***** Records for the task *****

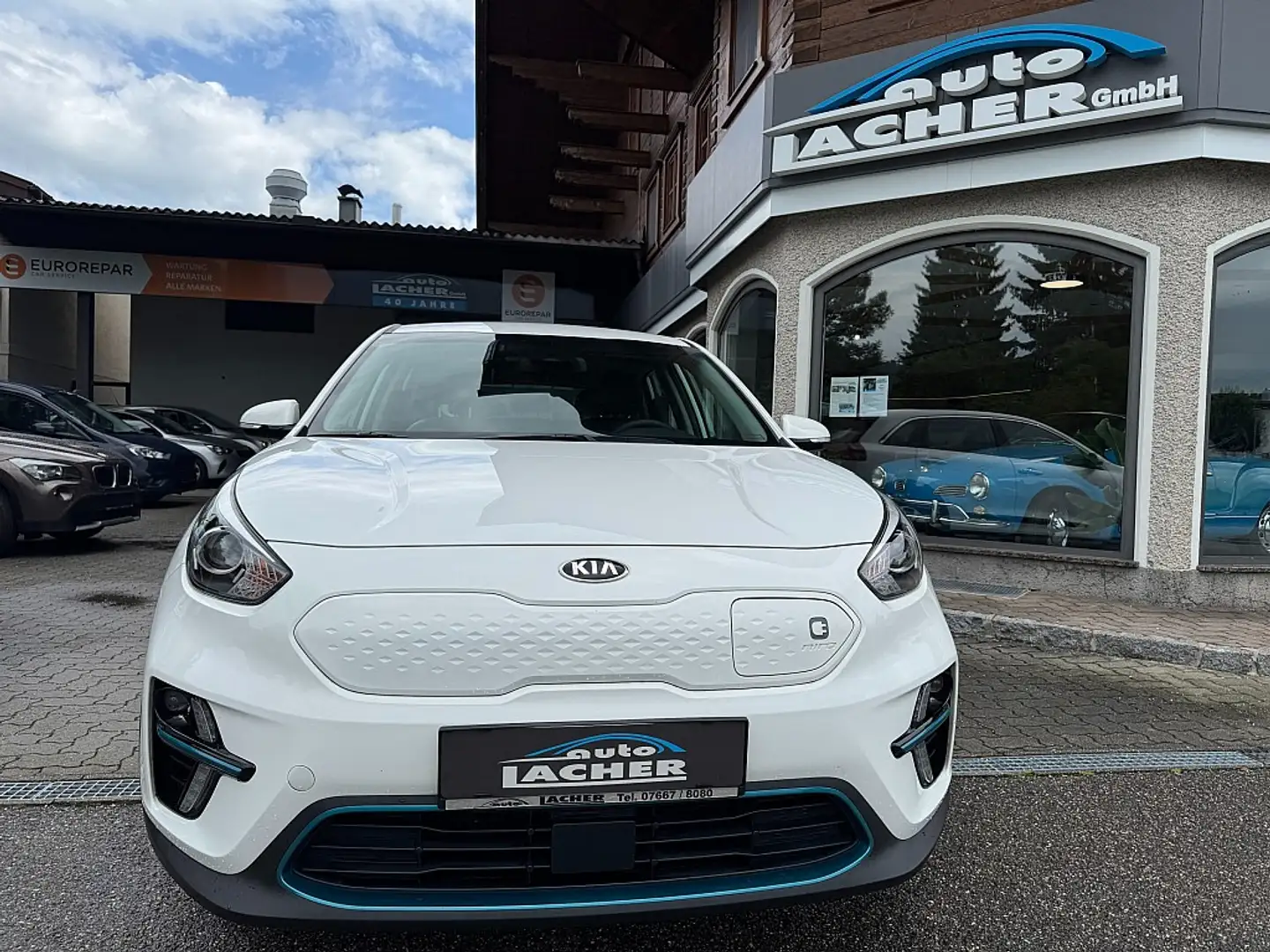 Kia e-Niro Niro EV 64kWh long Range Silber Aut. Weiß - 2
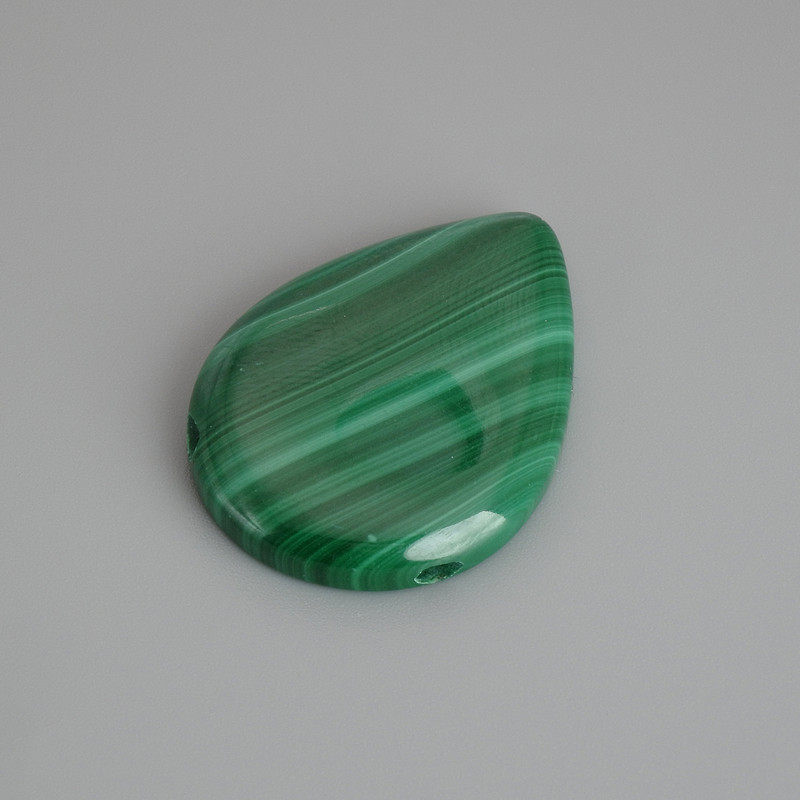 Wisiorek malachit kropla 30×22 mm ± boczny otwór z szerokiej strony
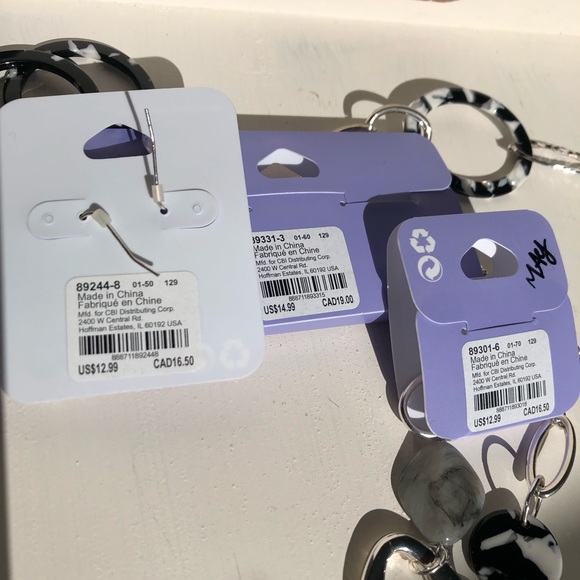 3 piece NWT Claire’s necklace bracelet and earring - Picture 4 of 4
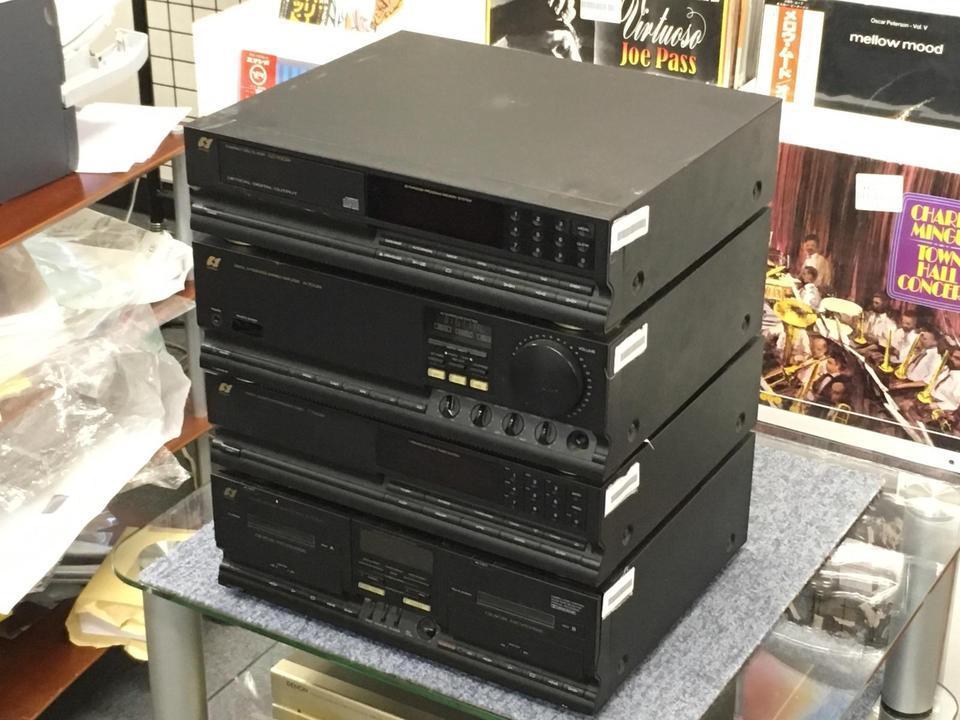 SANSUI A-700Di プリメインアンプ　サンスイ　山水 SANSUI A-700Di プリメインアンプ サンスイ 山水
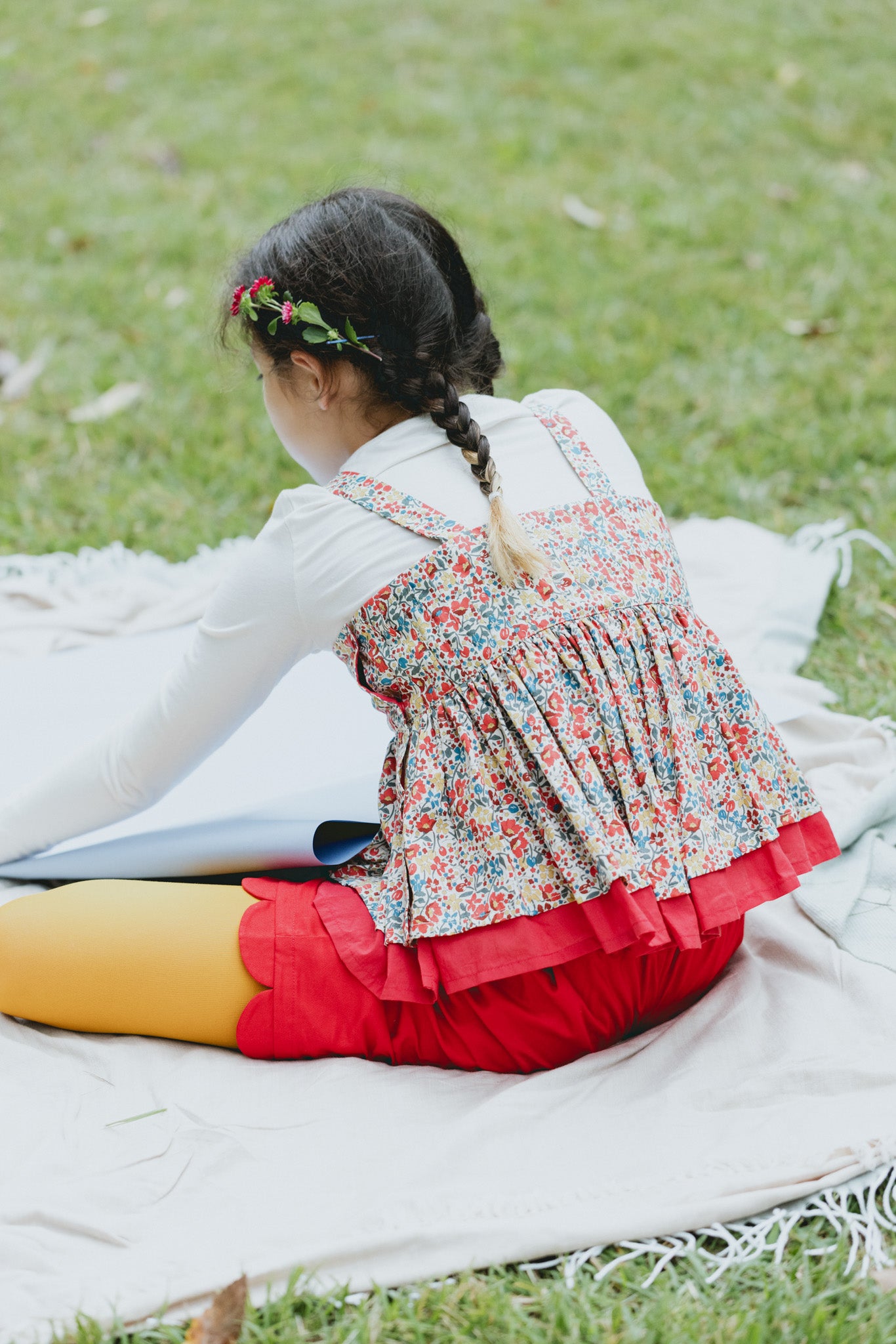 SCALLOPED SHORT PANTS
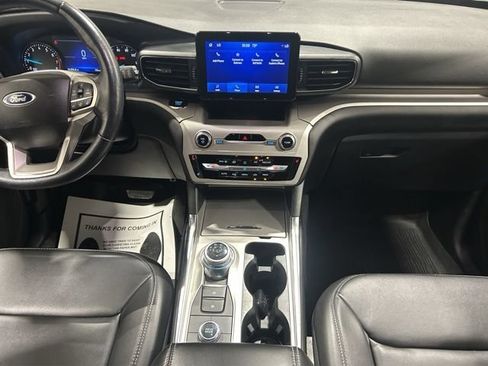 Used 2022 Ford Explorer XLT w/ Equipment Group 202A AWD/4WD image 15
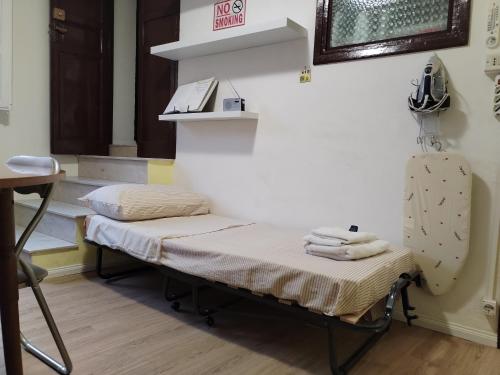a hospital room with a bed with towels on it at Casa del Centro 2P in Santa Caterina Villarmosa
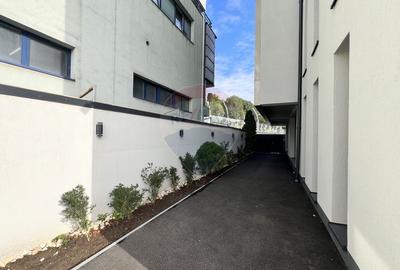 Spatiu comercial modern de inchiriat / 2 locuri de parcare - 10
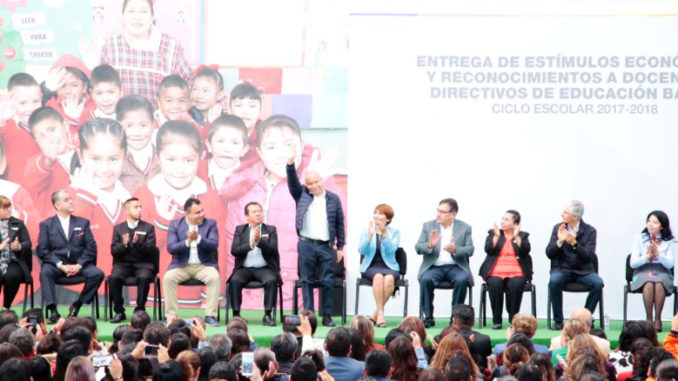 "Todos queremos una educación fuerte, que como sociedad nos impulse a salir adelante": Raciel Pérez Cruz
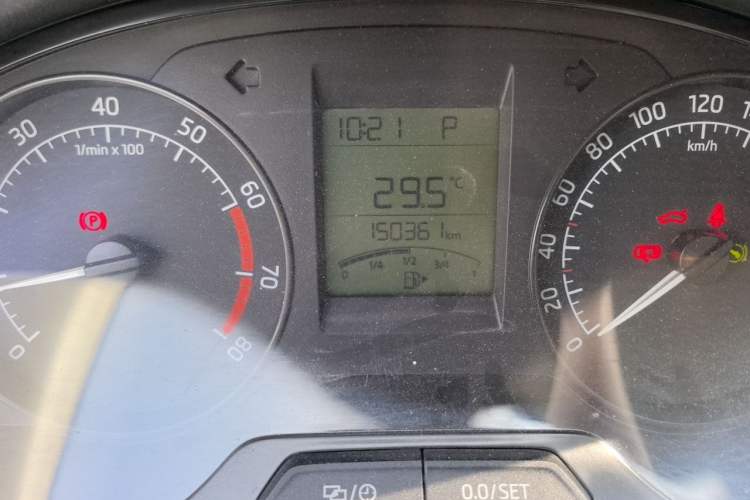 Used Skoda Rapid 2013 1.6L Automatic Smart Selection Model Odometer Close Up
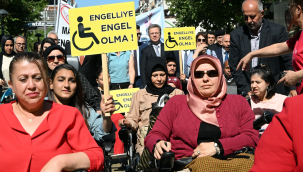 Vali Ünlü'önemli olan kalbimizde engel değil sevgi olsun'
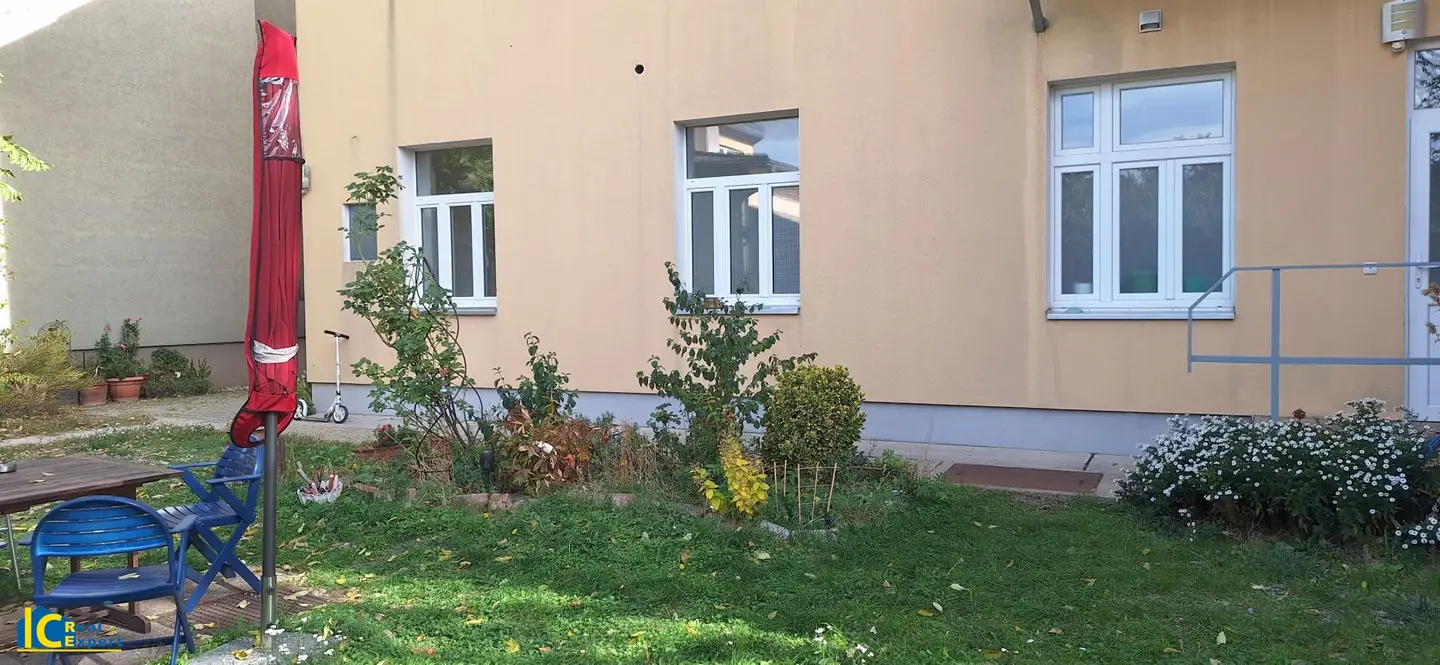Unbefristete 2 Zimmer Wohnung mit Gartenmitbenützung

*****

Task to complete: Everything above from the line containing "Wisiorek malachit kropla" down to the line containing "Used 2022 Ford" is to be duplicated exactly, both lines included, and the pictures are to be omitted.

Response for this exercise:
 Wisiorek malachit kropla 30×22 mm ± boczny otwór z szerokiej strony
 3 piece NWT Claire’s necklace bracelet and earring - Picture 4 of 4
 SANSUI A-700Di プリメインアンプ　サンスイ　山水 SANSUI A-700Di プリメインアンプ サンスイ 山水
 SCALLOPED SHORT PANTS
 Used 2022 Ford Explorer XLT w/ Equipment Group 202A AWD/4WD image 15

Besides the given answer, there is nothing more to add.